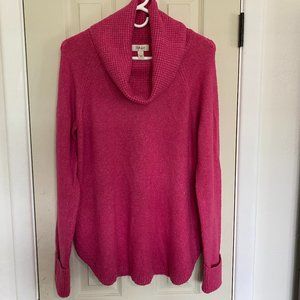 Hot Pink Cowl Neck Tunic Sweater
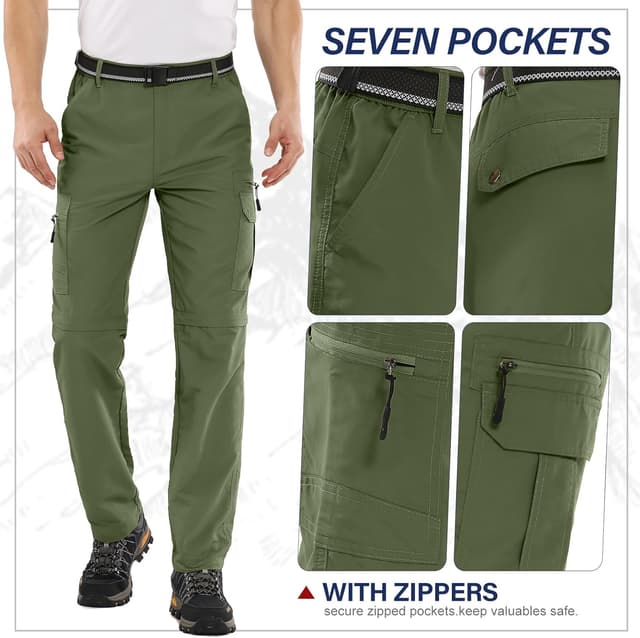 Detalle de Winebox Men’s Walking Hiking Trousers – Convertible Zip-Off Quick-Dry Cargo Travel Pants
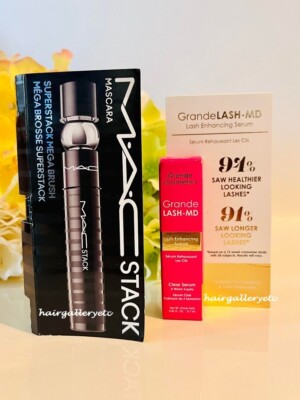 MAC MacStack Mascara Black 2.1 ml Sample Size & Grande Lash MD 0.7 ml Lash Serum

▶ **Work instruction**:
Return the full listing exactly as it appears above, without its pictures.

▶ **Answer space**:
 Hot Pink Cowl Neck Tunic Sweater
 Detalle de Winebox Men’s Walking Hiking Trousers – Convertible Zip-Off Quick-Dry Cargo Travel Pants
 MAC MacStack Mascara Black 2.1 ml Sample Size & Grande Lash MD 0.7 ml Lash Serum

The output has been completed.